Gov. Andrew Cuomo recently signed a bill that will make all public colleges free for New York residents. Other states and cities have free college programs, but Cuomo's "Excelsior Scholarship" is the first to cover tuition at four-year colleges in addition to two-year schools. When he signed the bill last week, he said this was a long time coming.
"Today my friends, college is what high school was 70 years ago," Cuomo said at the bill-signing ceremony. "It is not a luxury. It is a necessity."
According to the Georgetown Center on Education and the Workforce, college is indeed a necessity for most Americans. Two-thirds of jobs in the United States will soon require at least some college. And right now, tuition at a four-year public university in New York is about $6,500 a year. Cuomo's program will cover that for families making up to $100,000, with the cap rising to $125,000 in a couple of years.
But critics argue that the Excelsior Scholarship falls short of helping more people get to and graduate from college.

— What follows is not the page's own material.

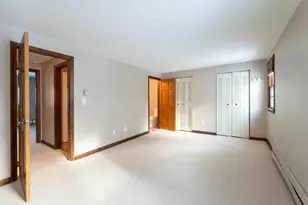 22 Olde Country Village Rd, Londonderry, NH 03053 - Photo 29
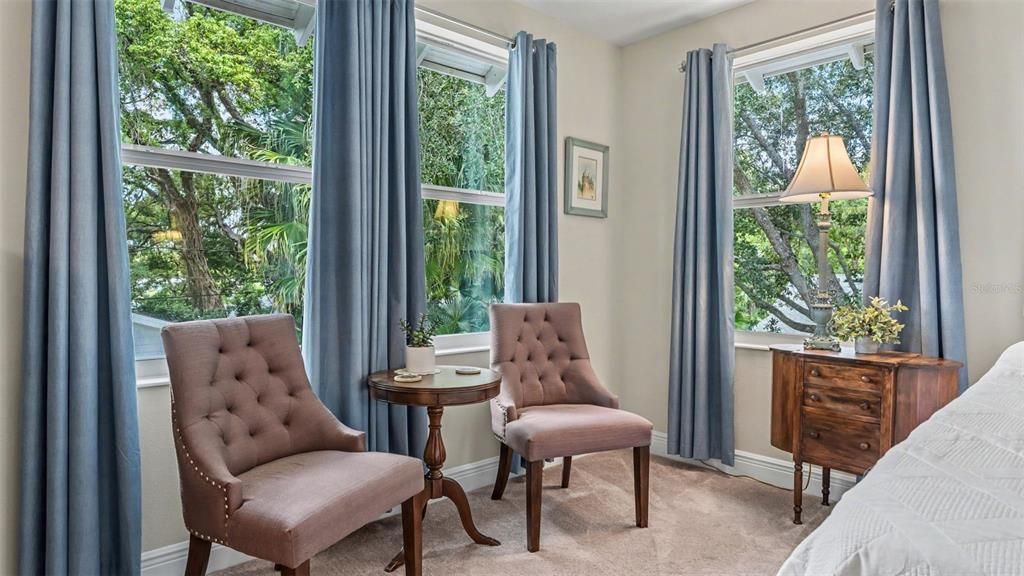 For Sale: $749,900 (4 beds, 3 baths, 2272 Square Feet)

On this week's podcast, we talk to Sarah Garland, executive editor of The Hechinger Report. She recently wrote a story about the Excelsior Scholarship and learned a lot about what it doesn't cover. For one, it doesn't pay for the cost of room and board. And in New York, room and board can cost twice as much as tuition. It also won't be available to students who go to school part time, which could make a lot of low-income students ineligible, because to cover living expenses, many of them have to work. In fact, Garland says the Excelsior Scholarship is not really designed to help low-income students at all.